The record before me fails to demonstrate that the issue regarding the availability and sufficiency of emergency resources has been adequately evaluated and, with respect to this project, the issue is substantive and significant and warrants adjudication. In any such adjudication, the measures and resources (including financial) that Finger Lakes LPG will have at its disposal to address any breach of the brine pond, any site explosion or fire, or any other gas-related accident or release associated with the facility, as well as the extent to which local jurisdictions will be relied upon to assist and the sufficiency of the resources currently available to them (including but not limited to funding, trained personnel and necessary equipment) should be addressed.

Alternative Sites/Sizing/Need

In proposing additional propane infrastructure, the DSEIS addresses capacity and need for liquefied petroleum gas, and notes that the proposed facility would lower propane supply costs, increase efficiency in pipeline operation, and minimize distribution risk associated with other methods of propane transportation (see DSEIS at 16-18, ¶¶ 3.3.3 and 3.3.4).[16]Any project, such as this one, which proposes to significantly expand energy infrastructure must however be evaluated in light of the State's energy policy and goals.

As to alternatives, Seneca Lake Communities requests that the permits be denied "for, among other reasons, the failure to demonstrate need and the reality that the no-action alternative is the proper resolution of this case" (Seneca Lake Communities Appeal at 3). Seneca Lake Communities states that the new operational propane rail terminal in Montgomery, New York, and the proposed enlargement of the Savona, New York facility need to be considered (see id. at 8). It also contends that further evaluation of the no-action alternative is necessary as no meaningful evaluation of that alternative has been undertaken (see id. at 8-9).

Gas Free Seneca likewise contends that the project's alternatives analysis is deficient, in part for failure to evaluate the no action alternative (Gas Free Seneca Appeal at 20-27). Gas Free Seneca also referenced the new operational propane rail terminal in Montgomery, New York, and the proposed enlargement of the Savona, New York facility (see id. at 22-24). Gas Free Seneca maintained that the proposed project "cannot satisfy its own stated purpose and need; that other facilities are reasonable and feasible alternatives to underground storage at Seneca Lake" (id. at 26). It contends that the final supplemental environmental impact statement should be rewritten in favor of adopting the no-action alternative (see id. at 28-29).

Seneca Lake Pure Waters Association also stated its concurrence with the arguments that Gas Free Seneca made regarding the deficiencies in the DSEIS and contended that "this case demonstrates that the significant and unmitigated adverse environmental impacts of [applicant's] proposed underground storage project can be avoided only with adoption of the no action alternative" (SLPWA Appeal at 22).

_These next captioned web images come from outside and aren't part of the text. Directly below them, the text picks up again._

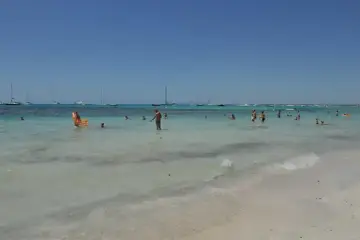 Słoneczny dzień na plaży Es Trenc. Ludzie kąpią się w turkusowej wodzie, a na horyzoncie widać żaglówki.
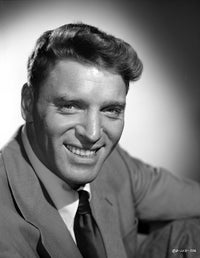 Burt Lancaster wearing a suit in a squat pose photo print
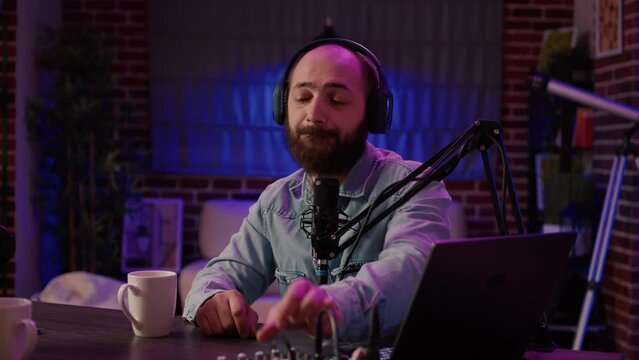 Online radio talkshow host pausing conversation with guest to answer live call from listener in home studio. Closeup of man recording podcast using professional audio equipment and microphone.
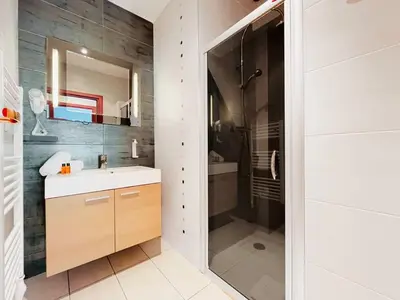 a bathroom with a shower and a sink and a mirror at Le TerrAzur - Logement 4 personnes Cannes in Cannes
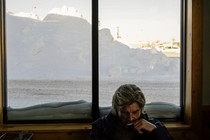 Karl Ove Knausgaard sits before a window.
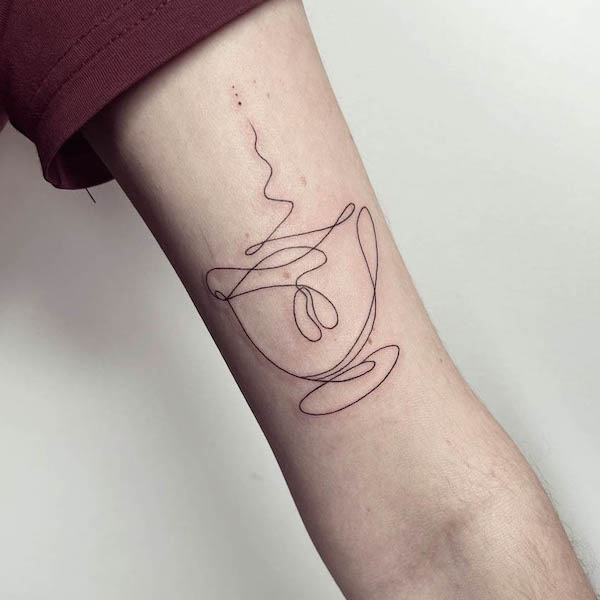 Abstract single line coffee tattoo by @kamilburta_ink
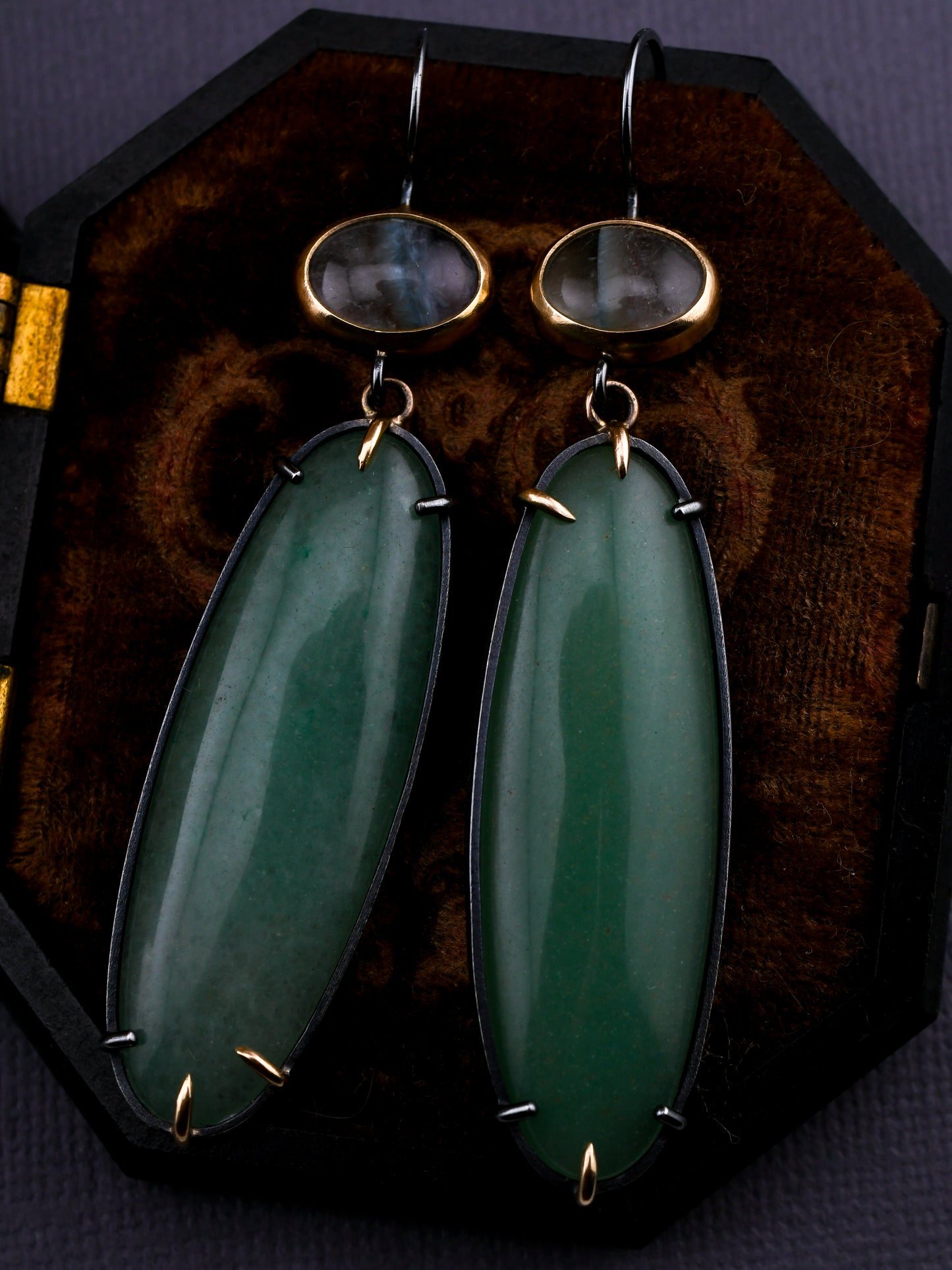 Green stone earrings with gold accents on a dark velvet stand.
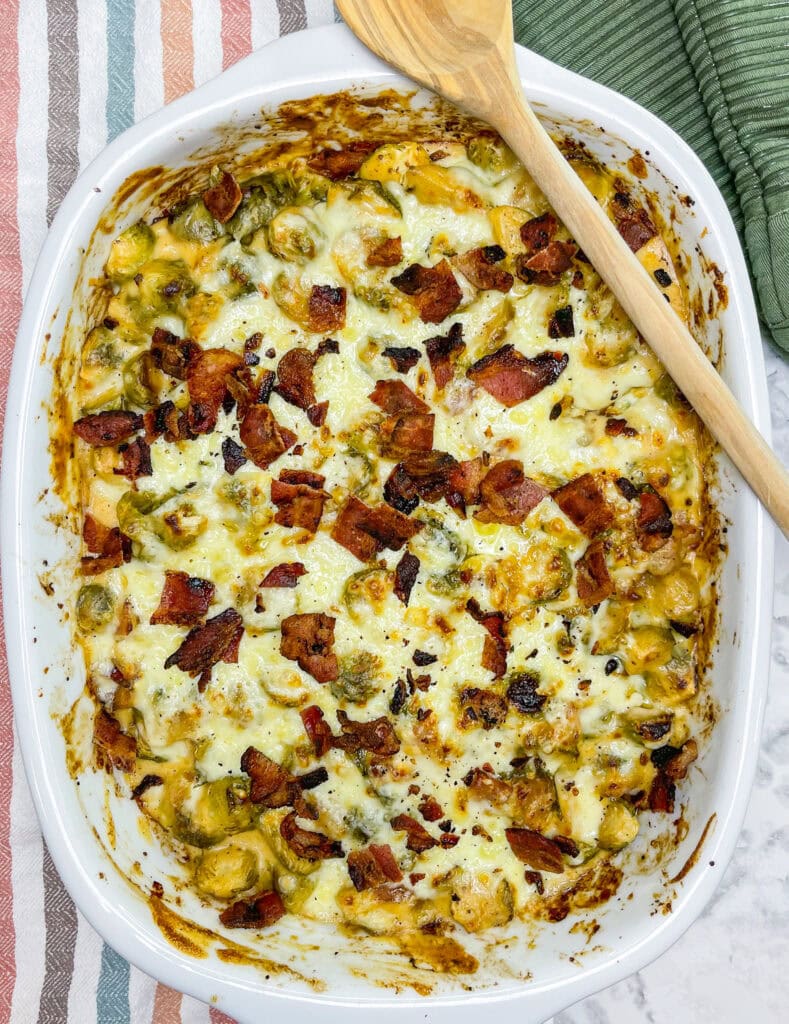 Brusselsprouts Au Gratin is brusselsprouts roasted with bacon in a maple mustard sauce and topped with a cheesy gruyere sauce. It's the perfect side dish for Thanksgiving, a holiday dinner, or any day of the week!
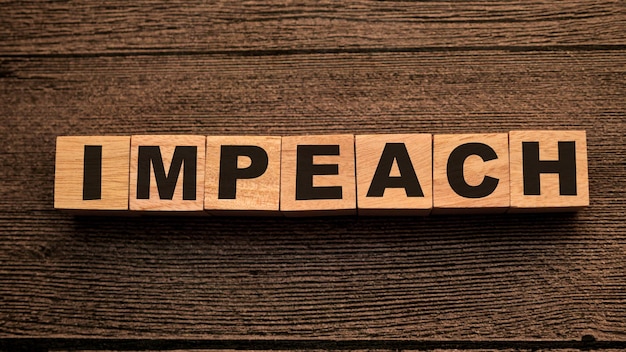 Foto impeach tekst woorden typografie geschreven op houten letters politiek en governance concept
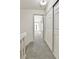 Hallway showing the closet and view into the bedroom with gray carpet at 11935 E Ford Dr, Aurora, CO 80012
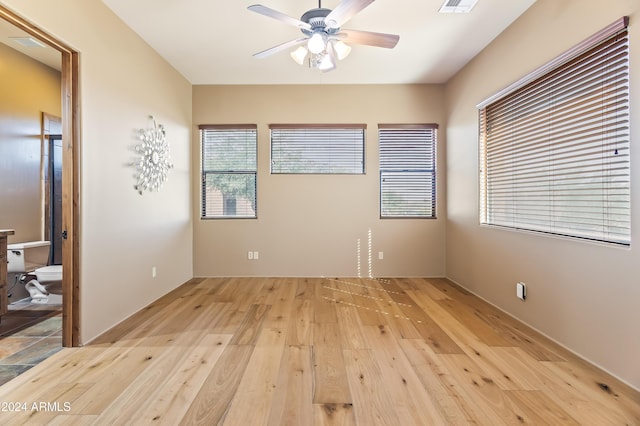 15406 E Cavedale Dr, Scottsdale, AZ 85262 - spare room with light wood-type flooring and ceiling fan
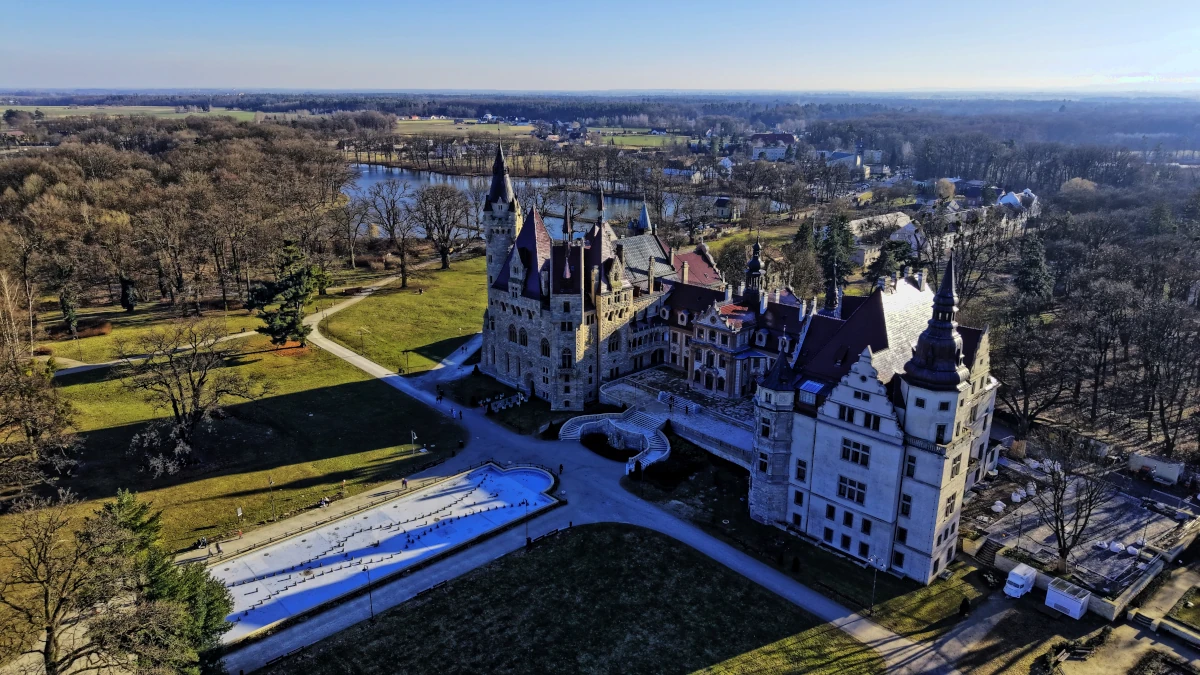 Zamek w Mosznej – panorama rezydencji z widocznymi wieżami i otaczającą zielenią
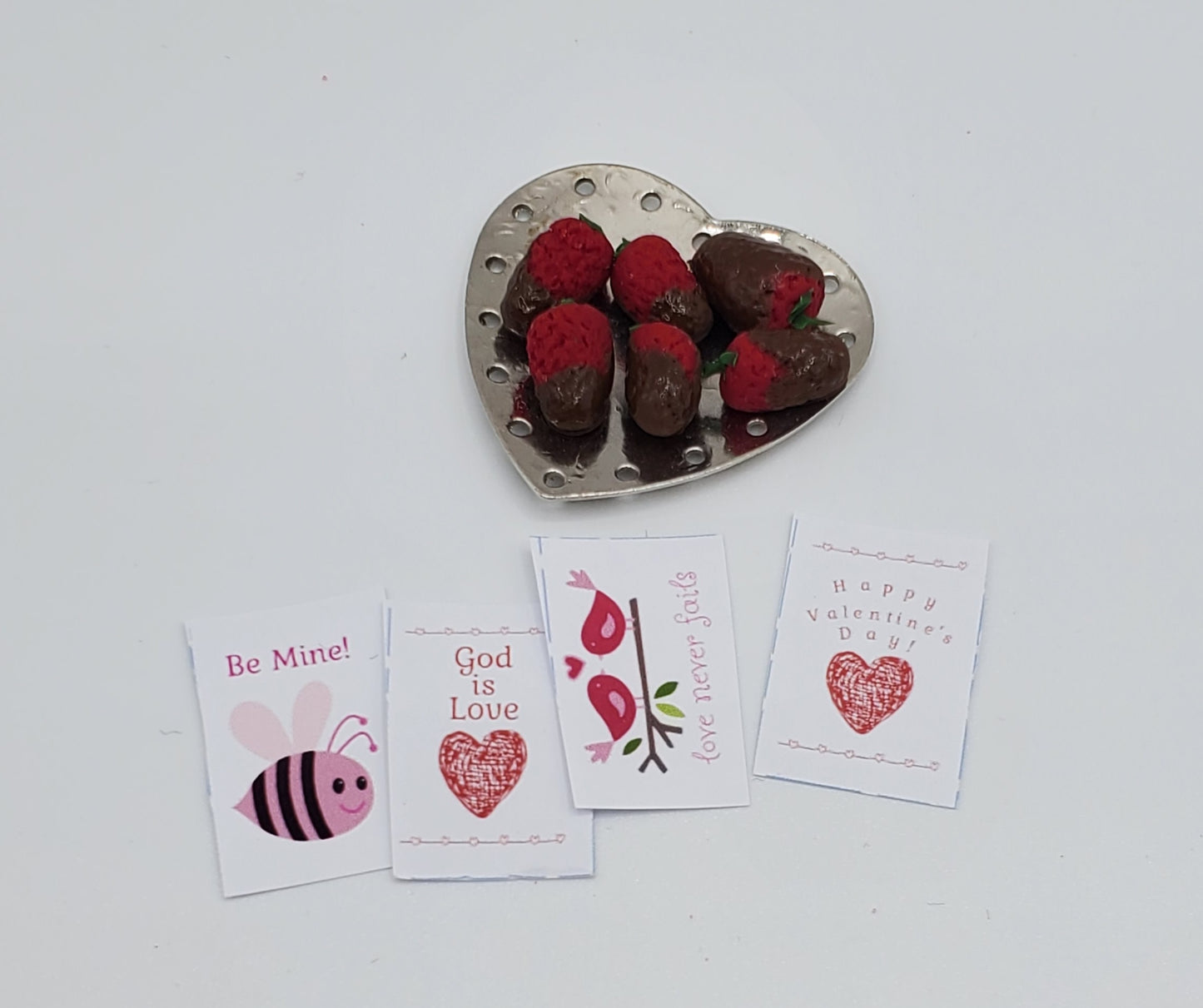 Heart-shaped dish with chocolate-dipped strawberries and Valentine's Day cards on a white background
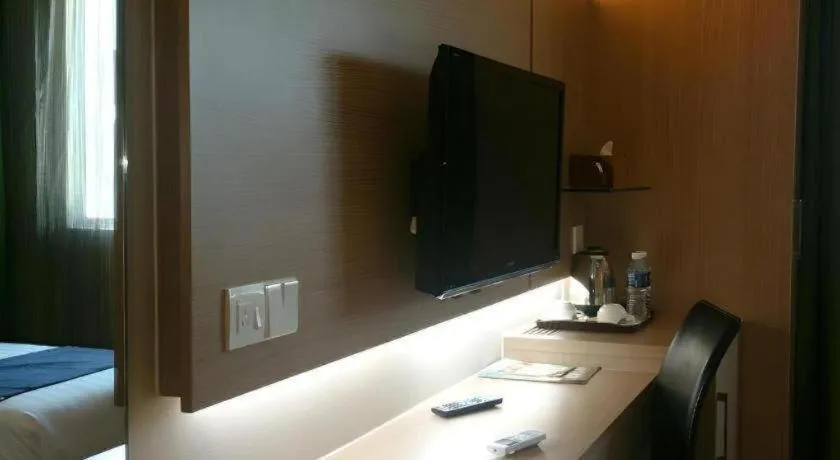 Bed in The Garden Boutique Hotel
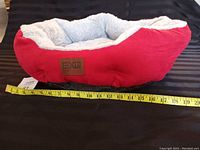 Red and grey pet bed with a tape measure showing approximately 18 inches in length.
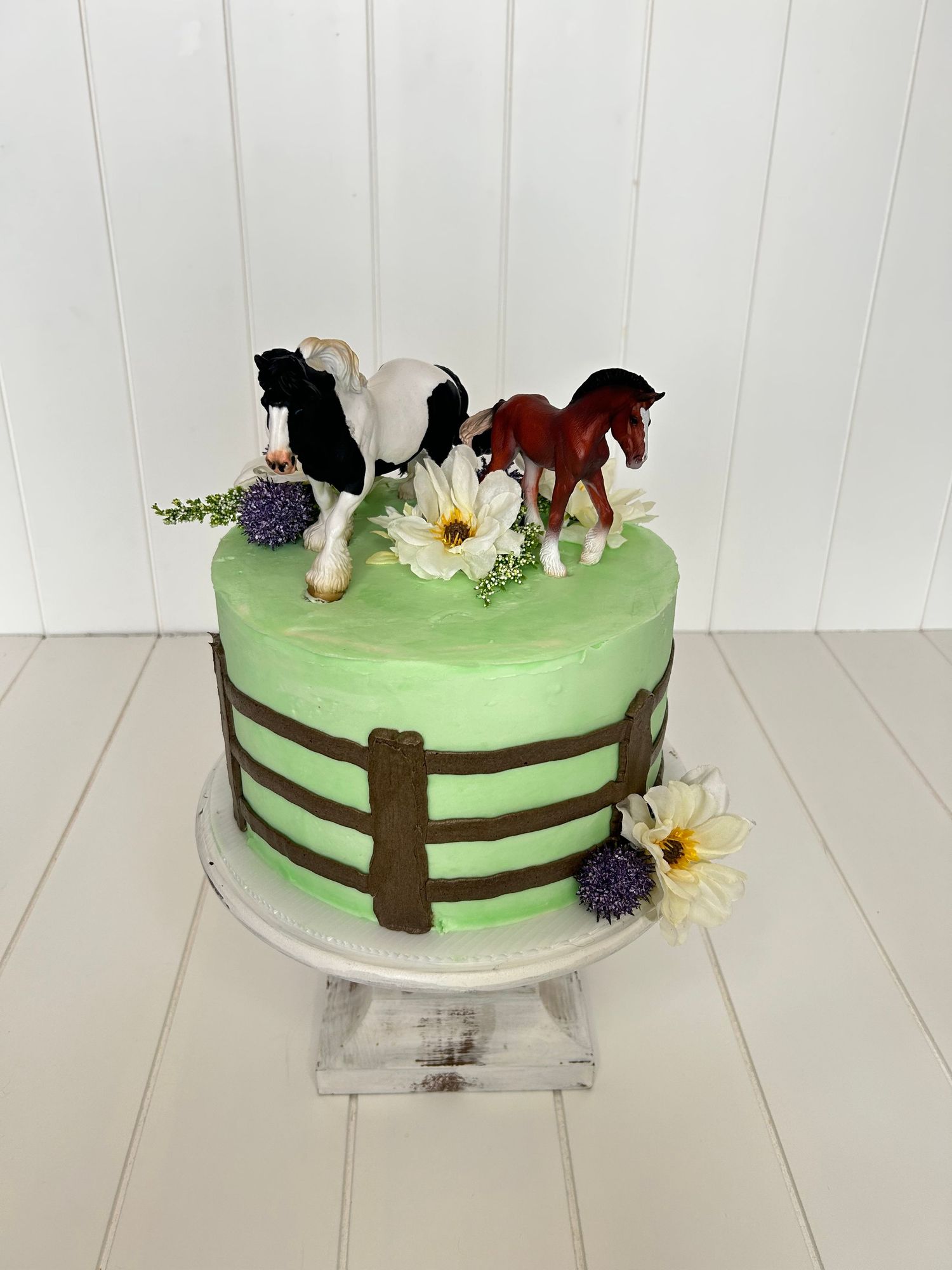 A mint green cake decorated with horse figures, daisies, and a fence design around the sides.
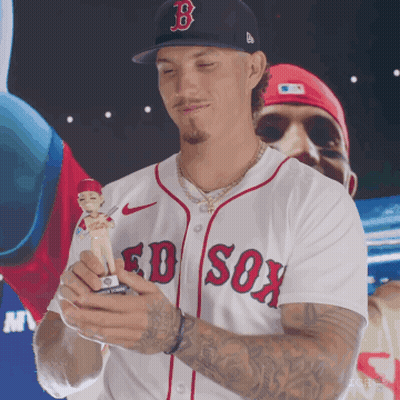 A Man Wearing A Boston Red Sox Jersey Holds A Baseball Figure GIF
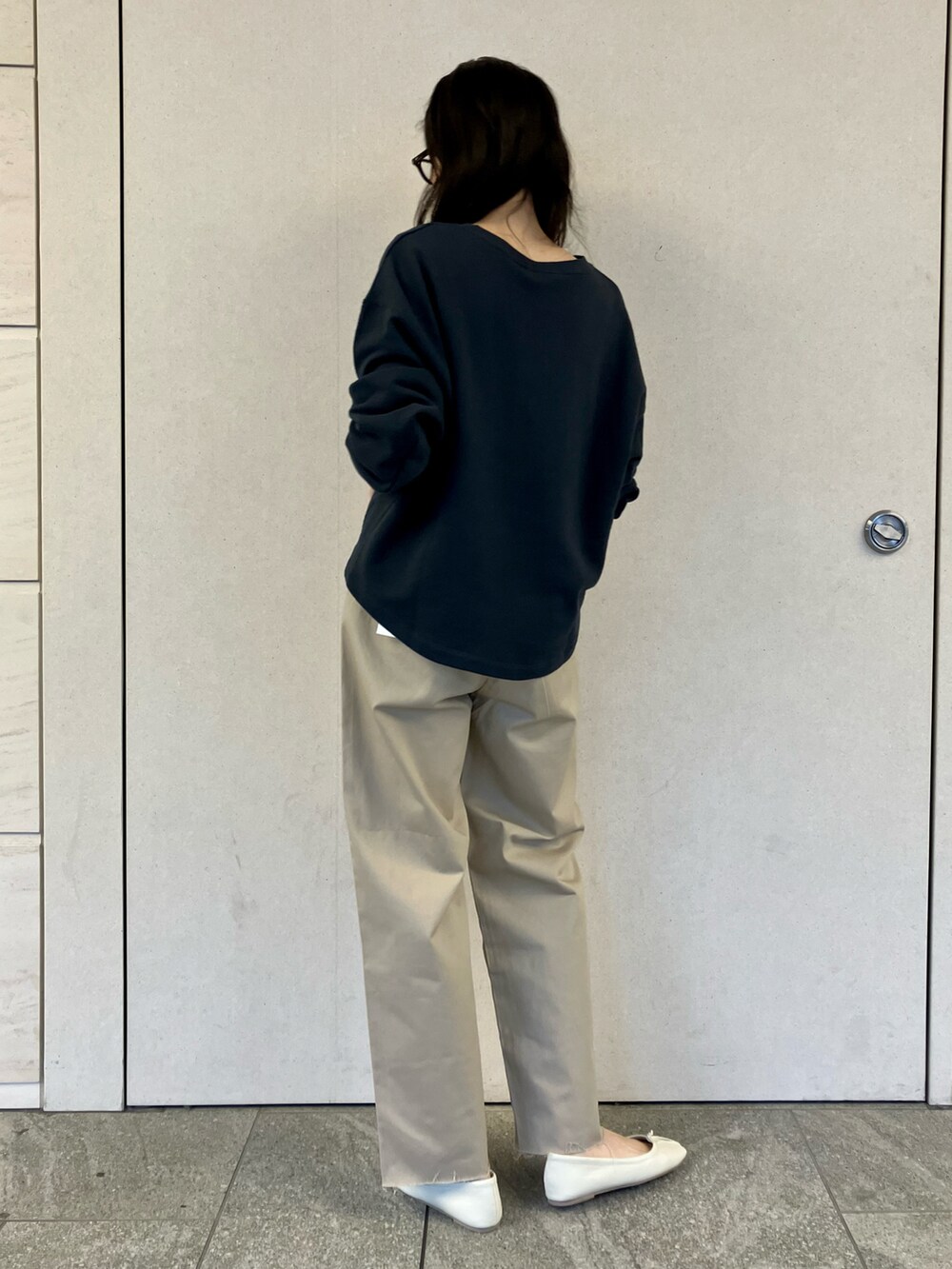 ブルー系のスウェット、ベージュ系のチノパンツ、ホワイト系のバレエシューズを着用したレディースの春コーディネートの4枚目の写真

Applicant maintained that the alternatives analysis in the DSEIS complied with the requirements under SEQRA, provided a sufficient analysis of public need, and adequately addressed the "no action" alternative (see Applicant Reply at 45-60).

My review indicates that the submissions relating to the availability of alternative sites support identifying this issue as substantive and significant. The existing record, including the submissions that preceded the issuance of the CALJ November 2017 Ruling and the appeals, do not satisfactorily resolve whether appropriate alternatives exist. The record needs, at minimum, further development whether the propane rail terminal in Montgomery, New York, or the Savona LPG facility could be suitable alternatives.

Furthermore, I cannot determine on this record whether the proposed capacity of this facility is appropriate or necessary, particularly if the propane rail terminal or the Savona LPG facility could be developed to handle at least a portion of the proposed capacity at the site. In this regard, State energy policy deserves appropriate attention.

New York State has adopted a State Energy Plan that establishes climate and clean energy goals, including a 40% reduction in greenhouse gas emissions from 1990 levels by 2030 and an 80% reduction by 2050, a commitment to source 50% of New York's electricity from renewables by 2030, and achieving a 600 trillion Btu increase in energy efficiency by 2030 (see 2015 New York State Energy Plan, https://energyplan.ny.gov/; see also Energy Law

§ 6-104[5][b][requiring that agency actions be consistent with "long-range energy planning objectives and strategies contained in the plan"]; Executive Order No. 166 dated June 1, 2017 [reiterating the State policy to reduce greenhouse gas emissions and directing that the actions of State entities under the executive authority of the Governor "shall be reasonably consistent" with the policies set forth in the Executive Order and the 2015 New York State Energy Plan]; DEC Commissioner Policy (CP) 49, October 22, 2010 at 1, 6-7 [incorporation of climate change considerations into all DEC activities including permitting]).

Even under the modified proposal, the propane storage capacity of the proposed project would be 1.5 million barrels (see CALJ September 2017 Ruling at 10). Additional expansion of the State's fossil energy infrastructure must be evaluated in the context of the State policy's commitment to renewable energy as well as the energy needs of the State.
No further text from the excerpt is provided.